Task details
Retype, word for word, every line from the one holding "Retro Pursuit Perforated" through the one holding "modular construction animation, prefab" in the entries below, both included, and only those lines.

Records provided
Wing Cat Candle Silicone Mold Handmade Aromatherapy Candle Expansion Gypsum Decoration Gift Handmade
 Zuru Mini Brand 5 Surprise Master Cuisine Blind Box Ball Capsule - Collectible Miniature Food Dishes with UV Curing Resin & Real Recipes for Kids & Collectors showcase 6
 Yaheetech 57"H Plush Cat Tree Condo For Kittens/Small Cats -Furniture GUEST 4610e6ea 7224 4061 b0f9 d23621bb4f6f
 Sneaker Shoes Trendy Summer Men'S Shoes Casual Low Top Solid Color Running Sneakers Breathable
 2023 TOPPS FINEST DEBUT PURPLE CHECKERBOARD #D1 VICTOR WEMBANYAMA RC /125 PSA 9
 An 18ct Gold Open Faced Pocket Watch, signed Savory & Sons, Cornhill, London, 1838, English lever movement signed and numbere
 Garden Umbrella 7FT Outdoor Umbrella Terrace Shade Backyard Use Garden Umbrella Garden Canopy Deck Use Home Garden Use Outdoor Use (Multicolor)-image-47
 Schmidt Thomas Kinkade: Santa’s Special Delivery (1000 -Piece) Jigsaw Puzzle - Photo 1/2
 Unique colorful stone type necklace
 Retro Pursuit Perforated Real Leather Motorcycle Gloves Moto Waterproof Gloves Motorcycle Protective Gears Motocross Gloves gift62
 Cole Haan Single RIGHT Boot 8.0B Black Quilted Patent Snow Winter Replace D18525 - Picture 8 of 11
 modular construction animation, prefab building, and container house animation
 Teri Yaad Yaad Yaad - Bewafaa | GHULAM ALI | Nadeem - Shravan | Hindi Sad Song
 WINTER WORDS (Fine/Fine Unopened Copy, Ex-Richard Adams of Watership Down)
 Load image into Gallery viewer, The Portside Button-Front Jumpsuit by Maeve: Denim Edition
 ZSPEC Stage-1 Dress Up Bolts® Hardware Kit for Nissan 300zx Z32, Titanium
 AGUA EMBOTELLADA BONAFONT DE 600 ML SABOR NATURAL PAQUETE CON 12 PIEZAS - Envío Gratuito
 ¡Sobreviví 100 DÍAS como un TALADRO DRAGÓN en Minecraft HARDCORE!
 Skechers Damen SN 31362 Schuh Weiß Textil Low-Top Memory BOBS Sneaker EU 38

Answer
 Retro Pursuit Perforated Real Leather Motorcycle Gloves Moto Waterproof Gloves Motorcycle Protective Gears Motocross Gloves gift62
 Cole Haan Single RIGHT Boot 8.0B Black Quilted Patent Snow Winter Replace D18525 - Picture 8 of 11
 modular construction animation, prefab building, and container house animation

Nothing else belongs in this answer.